GAUTHÉ & BOWMAN CONSULTING
L’ARBITRAGE, L’ACTE RÉEL DE L’AUTORITÉ DIRIGEANTE.
L’impossibilité d’arbitrer est l’une des formes les plus silencieuses de l’inopérativité dirigeante.
Au sein des environnements dirigeants exposés, l’inopérativité ne se mesure pas toujours immédiatement. La fonction demeure occupée et les instances continuent de solliciter l’autorité.
La décision est validée, pourtant elle est sans point d’arrêt réel. L’orientation est maintenue dans le langage, mais fragilisée dans l’exécution. Le désaccord reste contenu, sans être véritablement tranché. L’arbitrage est rendu, puis progressivement déplacé par les délais, les réserves, les interprétations ou les résistances latérales.
À ce stade, le problème n’est plus seulement opérationnel.
Il devient statutaire.
L’autorité reste présente, consultée, parfois même respectée. Mais sa portée effective sur le réel, elle, se trouve déplacée.
Or, c’est ici que l’autorité dirigeante se mesure.
Non à sa visibilité.
Non à la fréquence de ses décisions.
Non à la considération qu’elle reçoit.
Elle se mesure à sa capacité à donner un point d’arrêt à ce qui ne peut plus rester disponible sans fragiliser la cohérence, la décision ou la stabilité de l’écosystème.
Une fonction dirigeante qui ne peut plus arbitrer conserve peut-être sa forme, mais perd l’acte par lequel elle est pleinement gouvernante.
L’arbitrage comme point d’arrêt.
L’arbitrage n’est pas seulement un choix entre plusieurs options. Il n’est pas davantage une préférence exprimée à un moment donné, ni une position ajoutée à d’autres positions.
Il est l’acte par lequel une fonction dirigeante arrête, fixe et ordonne une direction.
Arbitrer ne signifie pas durcir inutilement la fonction. Un arbitrage réel n’a pas besoin de bruit, d’emphase ou de violence symbolique. Il exige une lecture exacte du moment, une connaissance des forces en présence, et la capacité de distinguer ce qui doit rester ouvert de ce qui doit désormais être clos.
Toute la difficulté se situe là.
Une autorité faible peut trancher trop tôt pour se rassurer. Une autorité hésitante peut laisser ouvert trop longtemps pour éviter d’exposer sa ligne.

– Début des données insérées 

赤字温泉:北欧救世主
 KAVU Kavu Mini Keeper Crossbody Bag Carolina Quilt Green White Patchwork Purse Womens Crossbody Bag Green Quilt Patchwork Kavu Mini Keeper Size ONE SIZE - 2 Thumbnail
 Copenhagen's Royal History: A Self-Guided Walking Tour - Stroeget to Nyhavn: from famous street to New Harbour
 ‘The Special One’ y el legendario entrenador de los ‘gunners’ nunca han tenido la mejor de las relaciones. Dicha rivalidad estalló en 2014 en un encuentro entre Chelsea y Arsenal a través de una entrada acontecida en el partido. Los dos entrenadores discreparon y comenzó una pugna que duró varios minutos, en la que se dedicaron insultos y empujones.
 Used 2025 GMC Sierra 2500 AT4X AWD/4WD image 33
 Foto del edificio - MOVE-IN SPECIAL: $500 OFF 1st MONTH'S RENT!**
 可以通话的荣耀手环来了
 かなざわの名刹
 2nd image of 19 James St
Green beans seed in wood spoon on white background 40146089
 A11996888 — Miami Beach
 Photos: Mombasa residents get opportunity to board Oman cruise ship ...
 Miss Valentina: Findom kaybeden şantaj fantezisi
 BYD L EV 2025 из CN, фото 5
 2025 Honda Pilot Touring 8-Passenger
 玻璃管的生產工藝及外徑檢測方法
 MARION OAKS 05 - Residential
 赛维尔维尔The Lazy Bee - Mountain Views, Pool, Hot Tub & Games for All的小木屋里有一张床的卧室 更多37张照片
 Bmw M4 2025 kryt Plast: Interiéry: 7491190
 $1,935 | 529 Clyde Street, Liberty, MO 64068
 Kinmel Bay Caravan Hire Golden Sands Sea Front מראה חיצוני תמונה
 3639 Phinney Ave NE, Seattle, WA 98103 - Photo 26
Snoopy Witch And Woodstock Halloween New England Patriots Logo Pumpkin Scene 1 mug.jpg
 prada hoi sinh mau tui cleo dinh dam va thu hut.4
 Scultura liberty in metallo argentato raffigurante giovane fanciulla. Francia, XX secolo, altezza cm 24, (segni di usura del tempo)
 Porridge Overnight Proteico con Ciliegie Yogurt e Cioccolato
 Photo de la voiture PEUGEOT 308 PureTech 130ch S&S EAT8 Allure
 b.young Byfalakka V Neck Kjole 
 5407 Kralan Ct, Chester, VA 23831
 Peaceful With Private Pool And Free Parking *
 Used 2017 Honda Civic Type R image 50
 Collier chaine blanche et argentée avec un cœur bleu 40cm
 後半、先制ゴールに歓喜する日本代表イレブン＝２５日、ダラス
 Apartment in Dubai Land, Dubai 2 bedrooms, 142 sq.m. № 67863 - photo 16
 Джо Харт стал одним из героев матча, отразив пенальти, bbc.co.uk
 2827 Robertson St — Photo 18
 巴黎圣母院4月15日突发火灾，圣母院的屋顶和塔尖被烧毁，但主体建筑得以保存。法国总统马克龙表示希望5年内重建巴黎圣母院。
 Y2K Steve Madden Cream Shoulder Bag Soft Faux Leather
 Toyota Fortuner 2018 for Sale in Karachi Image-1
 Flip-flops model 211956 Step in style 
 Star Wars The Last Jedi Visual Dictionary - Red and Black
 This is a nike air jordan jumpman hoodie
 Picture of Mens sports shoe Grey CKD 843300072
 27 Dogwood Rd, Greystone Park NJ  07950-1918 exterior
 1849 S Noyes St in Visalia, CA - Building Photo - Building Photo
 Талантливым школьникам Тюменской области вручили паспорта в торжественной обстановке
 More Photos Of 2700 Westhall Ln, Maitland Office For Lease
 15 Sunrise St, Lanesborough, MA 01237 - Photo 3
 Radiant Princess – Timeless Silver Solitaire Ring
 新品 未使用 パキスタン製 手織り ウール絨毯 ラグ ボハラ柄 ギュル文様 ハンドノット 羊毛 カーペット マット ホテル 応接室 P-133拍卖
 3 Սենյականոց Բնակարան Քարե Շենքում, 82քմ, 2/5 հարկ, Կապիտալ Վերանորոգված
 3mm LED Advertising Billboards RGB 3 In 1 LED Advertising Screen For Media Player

Une autorité réellement gouvernante reconnaît le moment où l’indétermination cesse d’être utile et devient dangereuse pour la tenue de l’environnement décisionnel.
L’arbitrage intervient précisément à ce point.
Il ne supprime pas la complexité. Ne nie pas les contraintes, ni prétend faire disparaître les intérêts concurrents. Il les ordonne en arrêtant une ligne, en fixant un point de décision, en rendant la réouverture plus coûteuse que l’acceptation de ce qui a été tranché.
C’est pourquoi l’arbitrage est un acte de gouvernement réel.
Celui qui consiste à faire tenir une ligne dans un environnement qui aurait intérêt à la rendre encore discutable.
Lorsque l’arbitrage produit son effet, l’environnement décisionnel comprend que la séquence est close. Les relais savent ce qui doit être porté. Les résistances savent ce qui ne peut plus être indéfiniment déplacé. Les interprétations cessent de concurrencer la ligne. La décision retrouve sa portée parce qu’un point d’arrêt lui a été donné.
Ce point d’arrêt est l’un des lieux les plus nets où l’autorité se vérifie sans artifice.
Ce que révèle l’arbitrage.
La gouvernance d’autorité intervient à ce niveau. Elle vise à maintenir la fonction dirigeante au point où ses décisions, ses orientations et ses arbitrages produisent encore effet.
Elle ne cherche nullement à imposer une autorité décorative, ni à restaurer artificiellement une verticalité perdue. Elle traite le point décisif : la capacité réelle d’une autorité à arrêter ce que l’environnement décisionnel ne doit plus maintenir ouvert.
L’arbitrage est donc le seuil où la fonction produit une fermeture, une direction et une tenue.
C’est ici que se mesure l’autorité.
Non dans la dureté du geste.
Non dans la mise en scène de la volonté.
Non dans l’affirmation répétée de la fonction.
Dans sa capacité à trancher ce qui ne peut plus rester disponible sans fragiliser l’ordre qu’elle a charge de tenir.